Oui, c'est sûr que je ne regretterais pas l'installation de la Gentoo.

Mais c'est une distribution de Linux qui sait se faire désirer, et puis tous mes clients me demandent ce que c'est quand ils voient des lignes de codes défilers en tous sens. J'en profite pour faire un peu de pub à la Gentoo et pousser les étudiants habitués à la Mandrake à essayer ça.  :Wink: 

----------

## DuF

tant qu'ils sont habitués à mandrake, c'est qu'ils sont habitués à un linux, c'est déjà pas mal  :Smile: 

Mais c'est vrai que les lignes de codes qui défilent ça fait toujours un effet très pro, truc vraiment d'expert alors que souvent on se contente juste de lancer un make  :Smile: 

----------

## spOOwn

bah c'est vrai que ca en epatera plus d'un toute ces lignes de codes   :Very Happy: 

mais on apprends aussi plein de choses avec la gentoo,c'est vraiment pas du temps perdu quoi...

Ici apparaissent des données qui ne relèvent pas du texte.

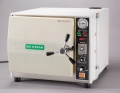 SA-Series Type-Desktop sterilize boiler
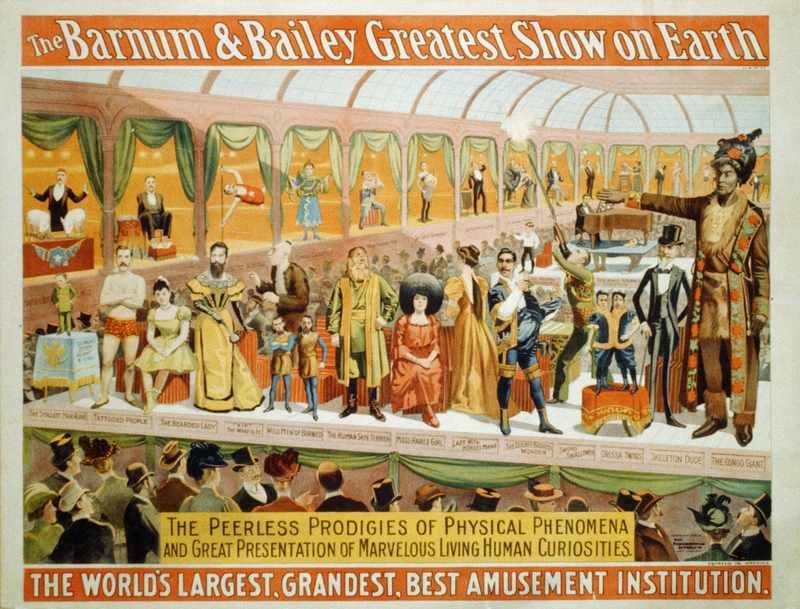 3b52439u Vintage Advert A4 Photo Print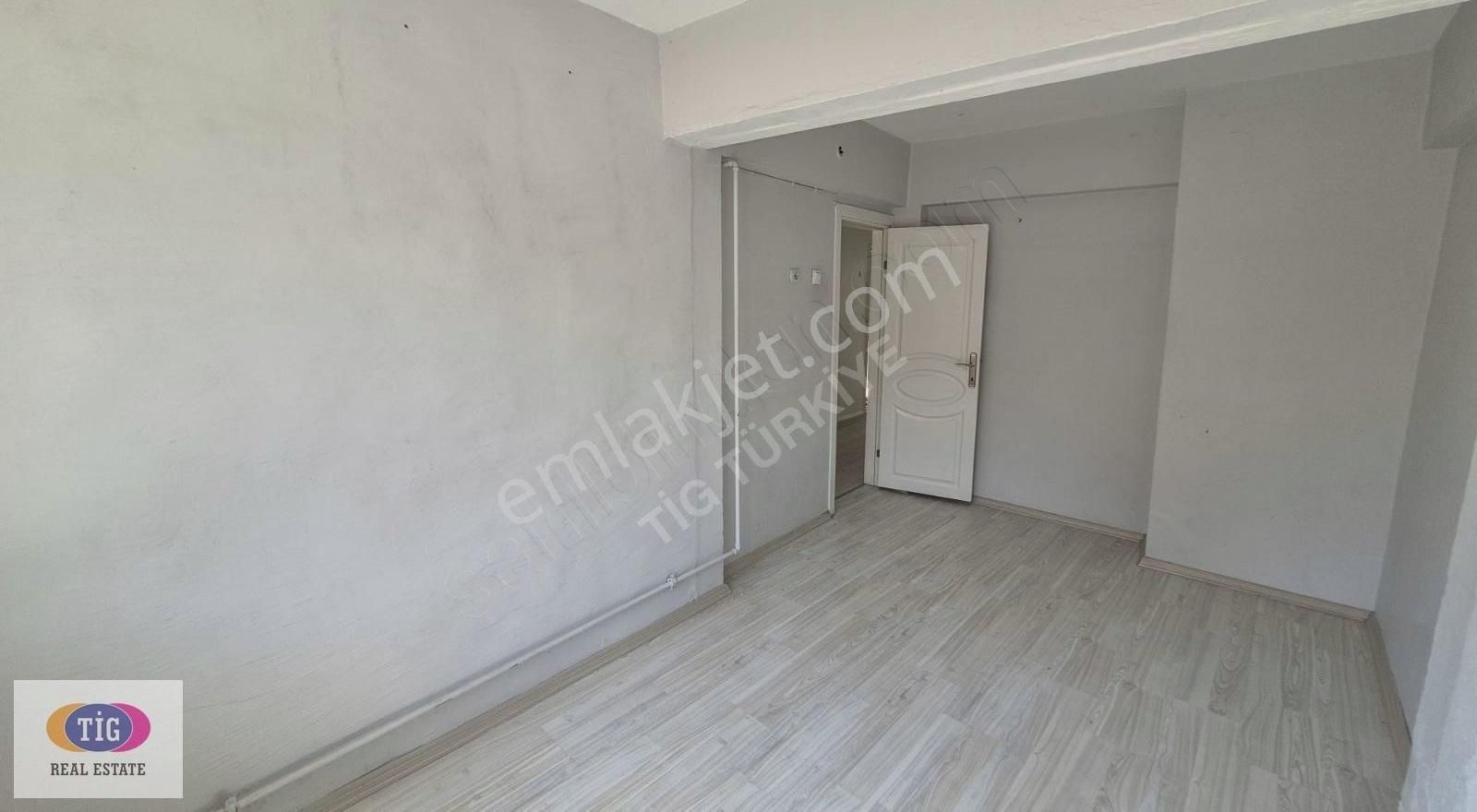 Tek İşim Gayrimenkul'den Yıldırım Da Satılık Daire - Görsel 18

avec la redhat ou mandrake,ca devient tellement simple, on se rapproche d'un windows !!! malheureux   :Laughing: 

----------

## Mat_le_ouf

 *spOOwn wrote:*   

> avec la redhat ou mandrake,ca devient tellement simple, on se rapproche d'un windows !!! malheureux  

 

Malheureux du point de vue d'un utilisateur confirmé, mais je pense qu'il faut que Linux aie aussi ce genre de distributions "clés en mains" pour qu'il se démocratise.

A mon avis, tant que Linux restera confiné dans le domaine étudiants en info/chercheurs il aura peu de chances de vraiment s'imposer en tant que système utilisateur "desktop". Il ne faudrait pas par contre qu'il y ait une derive commerciale trop importante, au risque de perdre complétement son esprit libre...

----------